On our last morning in Banff, we signed up for a wildlife tour. We had heard grand stories of all of this alleged wildlife that Canada boasts, but had yet to see a trace in the week we’d been bopping around BC and Alberta. The tourism board rep we brunched with even went as far as to tell us of the “bear jams” when downtown Banff was thrown off course by a hungry visitor and how many mornings the elk in her backyard were so many, she couldn’t even open her door. We figured this just a ploy by the tourism board to increase numbers—”Canada: Where the Moose Roam Free and the Locals Co-Exist Peacefully with the Bears”—as we had seen one “long-horned sheep” (AKA ram) on our 24 hours aboard the train, and little else besides some osprey and eagles. But we wanted the goods; give us the two-ton beasts. We’ll gladly make friends.
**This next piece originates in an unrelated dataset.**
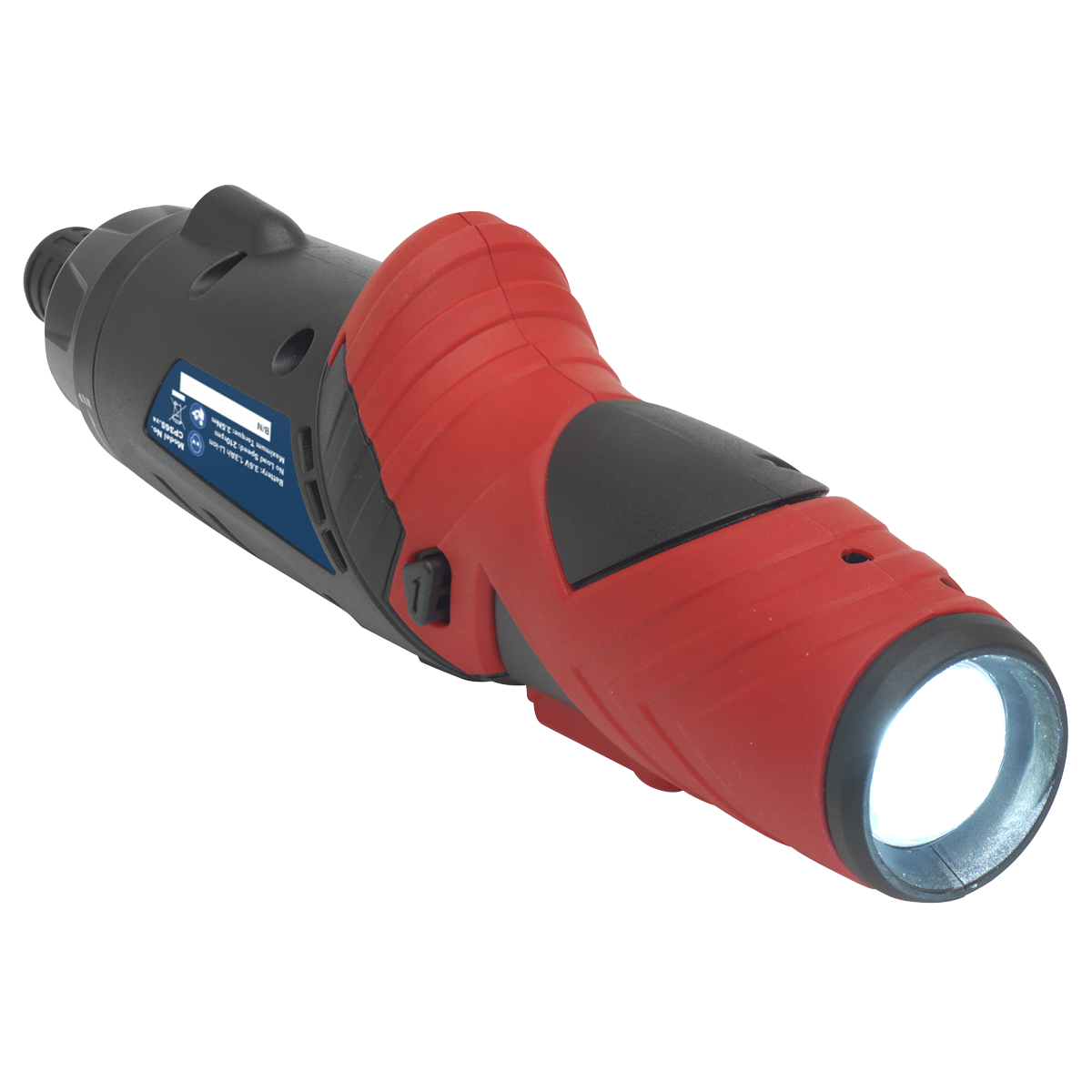 Sealey CP36S Cordless Screwdriver Set 3.6V 53pc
So when we boarded our tour bus, we took an informal poll of our fellow tourists to inquire as to whom had actually had a real wildlife sighting (sheep and birds so don’t count). Twelve of the 14 raised their hands, the two losers with their arms firmly pinned to their sides being Evan and me. Boy, did we feel like the cool kids on the bus. We did spot a horse, oh but he was on reins and pulling a cart.
So we had high hopes as we embarked on our wildlife excursion, as anyone who forked over $55 for a three-hour tour (a three-hour tour) might. Instead, we had a gem of a guide (the sarcasm, it drips from the keyboard) who claimed to work on some big bear project but refused to take us anywhere near where the bears supposedly chill. But we want bears! GIVE US ALL YOUR BEARS, PLEASE.
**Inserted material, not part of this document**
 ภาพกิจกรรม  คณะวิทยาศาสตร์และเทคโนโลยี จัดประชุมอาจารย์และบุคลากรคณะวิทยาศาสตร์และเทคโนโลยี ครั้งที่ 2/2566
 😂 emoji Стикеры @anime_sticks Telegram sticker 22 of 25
I even brought a pot of honey and everything (I hear it helps to establish rapport)! And just to further ensure that there was no way a bear would stick around for our arrival, Douche Guide would yell out, “Ho Bear!” to scare them all off as we approached (something to do with a Pavlovian association between that phrase and them getting whacked in the butt with a dart; I don’t blame them, if someone was using my behind as a target, I might be inclined to run the opposite way, too). But hey, we saw plenty of scat (AKA poop if we’re being uncouth), and as our guide pointed out, “that’s wildlife, too, you know.” Touche.
In the end, we saw two ground squirrels, some juniper, and a lot of tracks, indicating that a bear, wolf and some elk had been somewhere in the area sometime in the past months or so. Unfortunately, we didn’t see them, so I guess we’ll just have to return…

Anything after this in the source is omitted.